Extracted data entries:

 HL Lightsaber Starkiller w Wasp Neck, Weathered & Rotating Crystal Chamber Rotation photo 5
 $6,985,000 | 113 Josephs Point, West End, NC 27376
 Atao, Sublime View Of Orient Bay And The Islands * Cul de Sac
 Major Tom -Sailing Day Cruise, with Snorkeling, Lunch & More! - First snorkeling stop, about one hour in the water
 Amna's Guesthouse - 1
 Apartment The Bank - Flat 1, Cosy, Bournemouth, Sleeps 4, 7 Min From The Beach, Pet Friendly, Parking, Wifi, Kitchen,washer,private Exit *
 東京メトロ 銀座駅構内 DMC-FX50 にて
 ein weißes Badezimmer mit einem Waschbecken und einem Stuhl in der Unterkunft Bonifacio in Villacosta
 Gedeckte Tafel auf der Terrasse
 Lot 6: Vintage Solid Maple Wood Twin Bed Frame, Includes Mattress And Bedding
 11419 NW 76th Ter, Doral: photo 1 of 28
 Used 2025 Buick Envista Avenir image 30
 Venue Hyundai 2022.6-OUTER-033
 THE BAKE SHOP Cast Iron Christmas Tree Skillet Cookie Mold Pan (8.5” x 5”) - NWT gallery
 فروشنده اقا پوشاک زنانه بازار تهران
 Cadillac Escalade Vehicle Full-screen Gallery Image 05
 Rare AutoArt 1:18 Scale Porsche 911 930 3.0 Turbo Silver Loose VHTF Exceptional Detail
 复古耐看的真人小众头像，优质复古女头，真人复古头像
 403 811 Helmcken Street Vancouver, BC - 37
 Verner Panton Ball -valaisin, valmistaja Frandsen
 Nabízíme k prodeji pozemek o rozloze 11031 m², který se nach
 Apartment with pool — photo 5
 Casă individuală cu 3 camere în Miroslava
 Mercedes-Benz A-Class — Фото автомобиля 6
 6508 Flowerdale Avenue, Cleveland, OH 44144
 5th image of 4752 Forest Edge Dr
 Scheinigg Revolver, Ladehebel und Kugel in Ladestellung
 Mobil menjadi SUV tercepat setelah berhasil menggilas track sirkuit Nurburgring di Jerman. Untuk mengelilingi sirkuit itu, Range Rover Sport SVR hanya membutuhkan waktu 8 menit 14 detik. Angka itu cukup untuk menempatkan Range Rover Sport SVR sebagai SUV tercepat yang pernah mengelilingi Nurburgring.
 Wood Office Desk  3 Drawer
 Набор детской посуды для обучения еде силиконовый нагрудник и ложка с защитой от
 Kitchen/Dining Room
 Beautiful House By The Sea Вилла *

> [What is expected]: Your reply should hold only the lines from the first line of the records through the one with "6508 Flowerdale Avenue, Cleveland, OH 44144", reproduced word for word.

> [Output]:
 HL Lightsaber Starkiller w Wasp Neck, Weathered & Rotating Crystal Chamber Rotation photo 5
 $6,985,000 | 113 Josephs Point, West End, NC 27376
 Atao, Sublime View Of Orient Bay And The Islands * Cul de Sac
 Major Tom -Sailing Day Cruise, with Snorkeling, Lunch & More! - First snorkeling stop, about one hour in the water
 Amna's Guesthouse - 1
 Apartment The Bank - Flat 1, Cosy, Bournemouth, Sleeps 4, 7 Min From The Beach, Pet Friendly, Parking, Wifi, Kitchen,washer,private Exit *
 東京メトロ 銀座駅構内 DMC-FX50 にて
 ein weißes Badezimmer mit einem Waschbecken und einem Stuhl in der Unterkunft Bonifacio in Villacosta
 Gedeckte Tafel auf der Terrasse
 Lot 6: Vintage Solid Maple Wood Twin Bed Frame, Includes Mattress And Bedding
 11419 NW 76th Ter, Doral: photo 1 of 28
 Used 2025 Buick Envista Avenir image 30
 Venue Hyundai 2022.6-OUTER-033
 THE BAKE SHOP Cast Iron Christmas Tree Skillet Cookie Mold Pan (8.5” x 5”) - NWT gallery
 فروشنده اقا پوشاک زنانه بازار تهران
 Cadillac Escalade Vehicle Full-screen Gallery Image 05
 Rare AutoArt 1:18 Scale Porsche 911 930 3.0 Turbo Silver Loose VHTF Exceptional Detail
 复古耐看的真人小众头像，优质复古女头，真人复古头像
 403 811 Helmcken Street Vancouver, BC - 37
 Verner Panton Ball -valaisin, valmistaja Frandsen
 Nabízíme k prodeji pozemek o rozloze 11031 m², který se nach
 Apartment with pool — photo 5
 Casă individuală cu 3 camere în Miroslava
 Mercedes-Benz A-Class — Фото автомобиля 6
 6508 Flowerdale Avenue, Cleveland, OH 44144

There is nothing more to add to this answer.